Control Variate Monte Carlo

This tutorial describes how to implement and deploy control variate Monte Carlo sampling to compute the expectations of the output of a high-fidelity model using a lower-fidelity model with a known mean. The information presented here builds upon the tutorial Monte Carlo Quadrature.

Let us introduce a model \(Q_\V{\kappa}\) with known mean \(\mu_{\V{\kappa}}\). We can use this model to estimate the mean of \(Q_{\V{\alpha}}\) via [LMWOR1982]

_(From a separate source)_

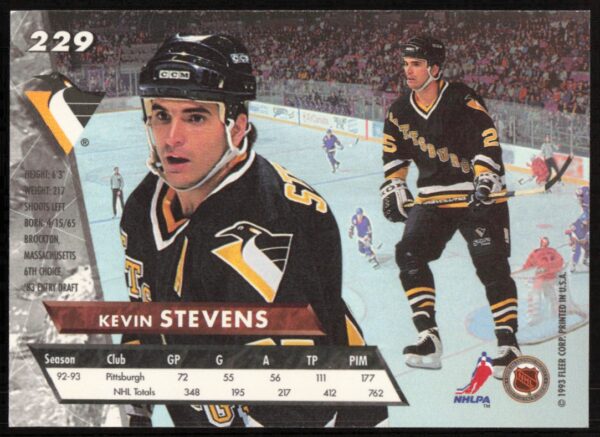 1993-94 Fleer Ultra Kevin Stevens #229 (Back)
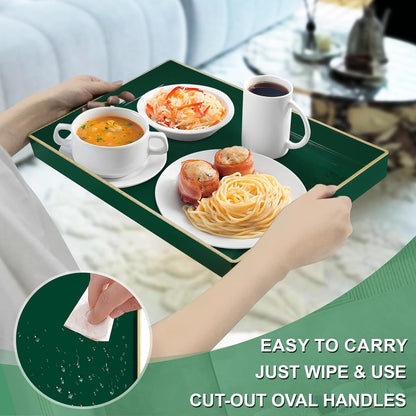 Green Decorative Resin Tray with Handles – Luxury Serving & Display Tray for Living Room, Kitchen & Office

\[\begin{split}Q_{\V{\alpha},N}^{\text{CV}} &= Q_{\V{\alpha},N} + \eta \left( Q_{\V{\kappa},N} - \mu_{\V{\kappa}} \right) \\\end{split}\]

Here \(\eta\) is a free parameter which can be optimized to the reduce the variance of this so called control variate estimator, which is given by

\[\begin{split}\var{Q_{\V{\alpha},N}^{\text{CV}}} &= \var{Q_{\V{\alpha},N} + \eta \left( Q_{\V{\kappa},N} - \mu_{\V{\kappa}}\right)}\\ &=\var{Q_{\V{\alpha},N}} + \eta^2\var{\left( Q_{\V{\kappa},N} - \mu_{\V{\kappa}}\right)}+ 2\eta\covar{Q_{\V{\alpha},N}}{\left( Q_{\V{\kappa},N} - \mu_{\V{\kappa}}\right)}\\ &=\var{Q_{\V{\alpha},N}}\left(1+\eta^2\frac{\var{\left( Q_{\V{\kappa},N} - \mu_{\V{\kappa}}\right)}}{\var{Q_{\V{\alpha},N}}}+ 2\eta\frac{\covar{Q_{\V{\alpha},N}}{\left( Q_{\V{\kappa},N} - \mu_{\V{\kappa}}\right)}}{\var{Q_{\V{\alpha},N}}}\right).\end{split}\]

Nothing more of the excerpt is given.